Psychological Processes Linking Social Media Use and Emotional Distress: Roles of Attention Difficulties, Validation Seeking, and Worry
摘要
We advance and test a theory-driven, multi-mechanism model in which platform-related attentional capture, dependence on social validation, and anticipatory worry jointly account for social media’s association with emotional distress. In a community sample of adults (n = 444), ages 18–56 years, 56.8% female, bootstrapped mediation and out-of-sample interpretability analyses converged on attention and worry as the dominant correlates, with age-differentiated weights. Multivariable models indicated that attention difficulties, validation seeking, and worry were each positively associated with distress, whereas age was negatively associated.
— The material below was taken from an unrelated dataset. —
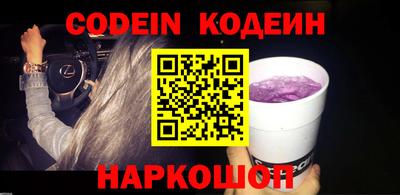 амфетамин Кумертау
In the full model a small residual direct association between social media and distress remained. Mediation analyses using nonparametric bootstrapping supported significant indirect mediated associations linking social media and distress via attention, worry, and validation seeking. Moderation tests were not supported. Out-of-sample prediction with five-fold cross-validated models favored regularized linear models (Ridge R2 ≈ .488), and model-interpretability methods converged on attention and worry as the most influential correlates of distress. Overall, findings suggest that social media’s link to emotional distress is primarily indirect, with indirect associations via attention dysregulation, validation dependence, and worry, with a small residual direct association. Interventions targeting these potential mechanisms may help reduce the psychological burden of heavy social media use and promote healthier digital habits.